__Exercise description__
Beginning at the line containing "24V Two Seater" in the material below and ending at the line containing "Rootz-kenkäpenkki - Pehmustettu", return each line exactly and add nothing.

__Task inputs__
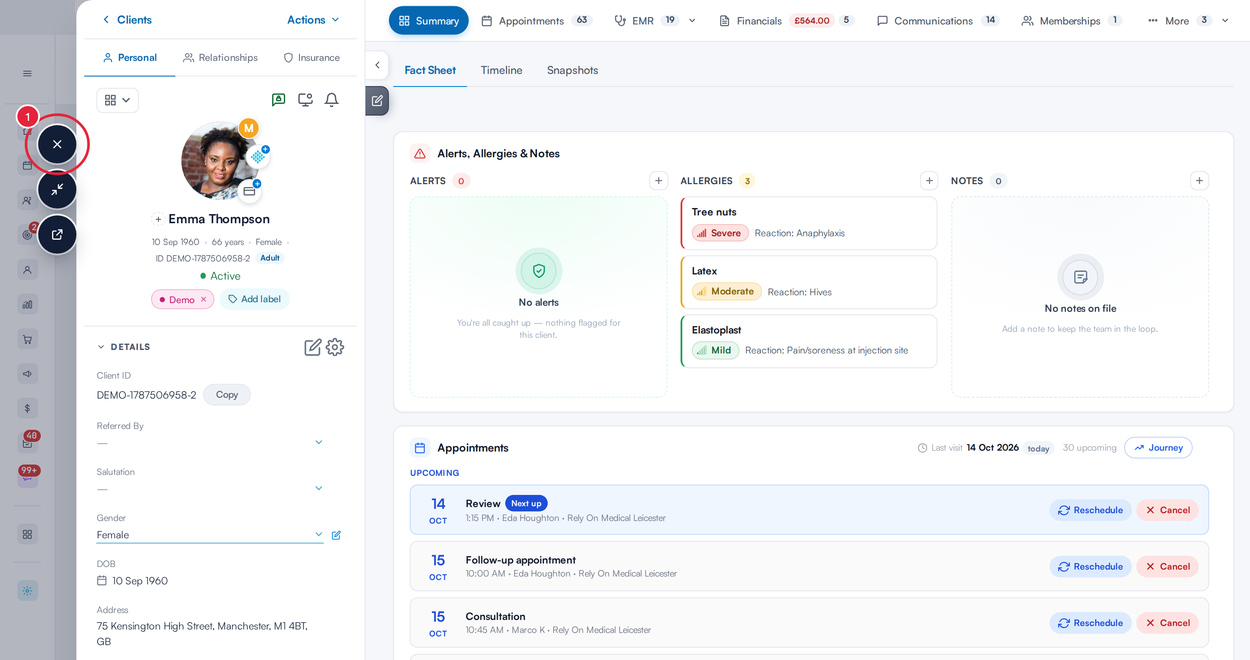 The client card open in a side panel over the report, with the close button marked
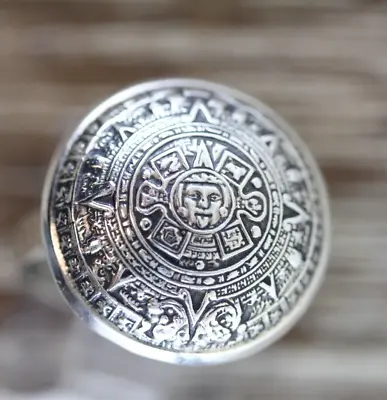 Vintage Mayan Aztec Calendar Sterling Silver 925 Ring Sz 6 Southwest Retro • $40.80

...

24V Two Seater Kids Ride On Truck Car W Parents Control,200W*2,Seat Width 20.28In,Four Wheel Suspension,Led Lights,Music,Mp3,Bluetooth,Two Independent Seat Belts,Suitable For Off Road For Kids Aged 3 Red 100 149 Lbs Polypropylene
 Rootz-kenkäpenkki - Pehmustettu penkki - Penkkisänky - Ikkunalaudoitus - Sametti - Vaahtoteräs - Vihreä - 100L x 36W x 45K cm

__Exercise solution__
24V Two Seater Kids Ride On Truck Car W Parents Control,200W*2,Seat Width 20.28In,Four Wheel Suspension,Led Lights,Music,Mp3,Bluetooth,Two Independent Seat Belts,Suitable For Off Road For Kids Aged 3 Red 100 149 Lbs Polypropylene
 Rootz-kenkäpenkki - Pehmustettu penkki - Penkkisänky - Ikkunalaudoitus - Sametti - Vaahtoteräs - Vihreä - 100L x 36W x 45K cm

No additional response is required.